Exercise description → What you output should match the data below exactly.

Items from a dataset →
════════

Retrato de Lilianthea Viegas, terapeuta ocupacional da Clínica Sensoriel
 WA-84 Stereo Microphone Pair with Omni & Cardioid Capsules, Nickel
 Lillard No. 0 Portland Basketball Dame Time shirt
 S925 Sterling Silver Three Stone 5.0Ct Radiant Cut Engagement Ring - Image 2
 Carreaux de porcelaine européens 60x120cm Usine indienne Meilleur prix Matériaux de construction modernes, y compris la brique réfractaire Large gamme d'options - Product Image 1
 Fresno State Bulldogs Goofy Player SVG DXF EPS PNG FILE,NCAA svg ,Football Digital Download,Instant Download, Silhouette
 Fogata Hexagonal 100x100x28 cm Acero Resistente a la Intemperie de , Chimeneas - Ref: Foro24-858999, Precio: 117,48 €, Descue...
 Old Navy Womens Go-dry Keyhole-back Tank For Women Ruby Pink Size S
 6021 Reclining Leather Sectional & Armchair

════════

Response below →
Retrato de Lilianthea Viegas, terapeuta ocupacional da Clínica Sensoriel
 WA-84 Stereo Microphone Pair with Omni & Cardioid Capsules, Nickel
 Lillard No. 0 Portland Basketball Dame Time shirt
 S925 Sterling Silver Three Stone 5.0Ct Radiant Cut Engagement Ring - Image 2
 Carreaux de porcelaine européens 60x120cm Usine indienne Meilleur prix Matériaux de construction modernes, y compris la brique réfractaire Large gamme d'options - Product Image 1
 Fresno State Bulldogs Goofy Player SVG DXF EPS PNG FILE,NCAA svg ,Football Digital Download,Instant Download, Silhouette
 Fogata Hexagonal 100x100x28 cm Acero Resistente a la Intemperie de , Chimeneas - Ref: Foro24-858999, Precio: 117,48 €, Descue...
 Old Navy Womens Go-dry Keyhole-back Tank For Women Ruby Pink Size S
 6021 Reclining Leather Sectional & Armchair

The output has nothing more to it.